Surprisingly, the small incision of MIDCAB is not the main benefit of the surgery, according to a P&S study published in the November 1997 issue of Chest. The study, by Drs. Oz, Michael Argenziano, and Eric Rose, found that the main benefit came from avoiding the use of a heart-lung bypass machine, which causes injuries to the heart, lungs, kidneys, and, most important, the brain in approximately 6 percent of all conventional bypass surgeries. "With a heart-lung machine, there is a risk that particulate matter will not be filtered out and will wind up in the vessels of the head," says Dr. Oz. "Also, heart-lung bypass requires placement of a tube in, and manipulation of, the aorta and may knock off tiny plaques, which can then make their way to the head." Because of these factors, the most fulfilling use of MIDCAB is in high-risk patients who are more likely to develop complications from heart-lung bypass. Dr.

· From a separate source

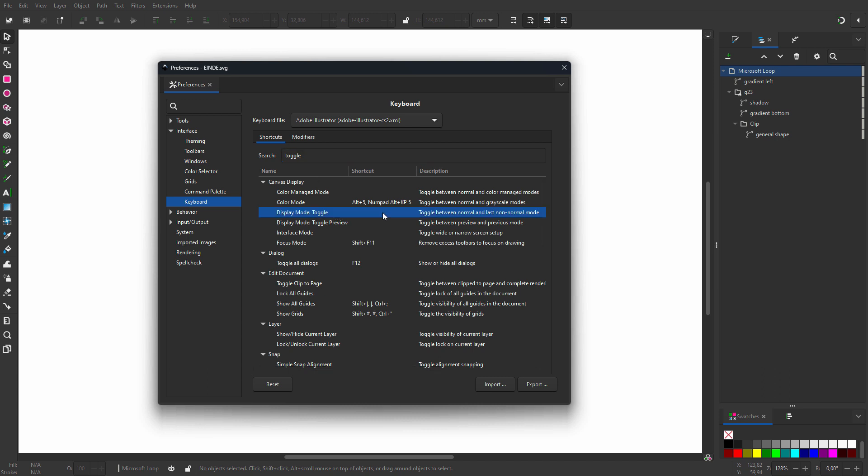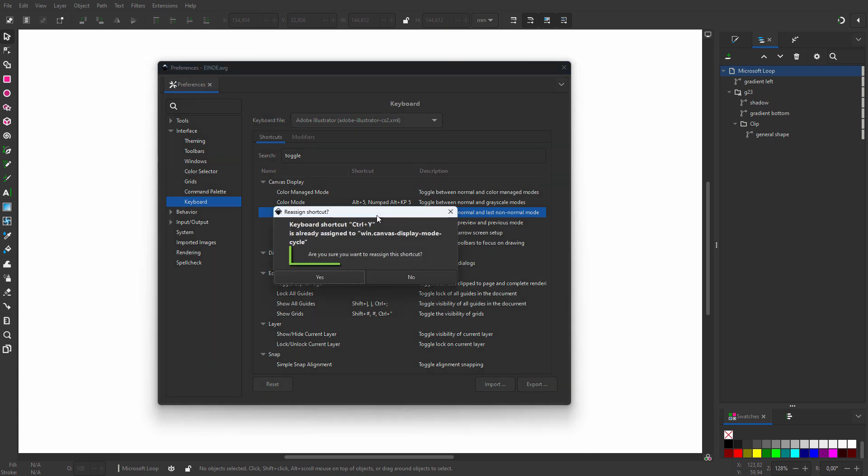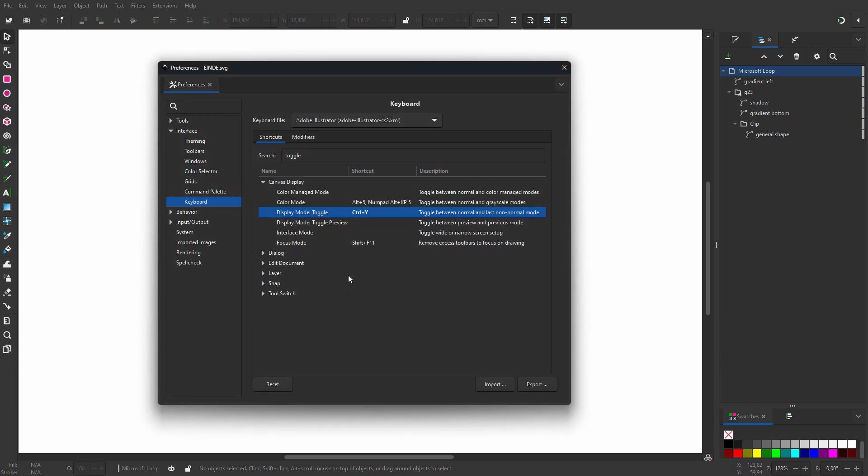To add it, I click at the right in the shortcut column. I now see the text 'New Accelerator'. I type Control+Y. If the shortcut is already used, you can choose to reuse it for another function. So I click on Yes and I close the window.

Oz and colleagues-including collaborators from Cornell-are now working to develop a study of MIDCAB in low-risk patients to quantify the benefits of the technique.

Because the surgery is so new-and the techniques involved are so different from what most surgeons are used to-Drs. Oz and Ting have put together a two-day continuing medical education program on MIDCAB. The course uses a model of a heart that actually beats to teach doctors to operate on a moving heart. Doctors learn to operate with endoscopes by practicing on a special toolbox that has holes for the endoscopes but that completely blocks the surgeon's view of the "body" being operated on. This forces doctors to look at a screen that projects what a camera on the endoscope "sees."

Despite the popularity of MIDCAB, the operation still poses major questions that need to be answered, says Dr. Oz. No one knows, for instance, whether the long-term results are as good as conventional surgery. "The technique has not been around long enough for those sorts of studies to have been done," he says. "I think it's incumbent upon academic medical centers to study these questions. The operation shouldn't be done willy-nilly."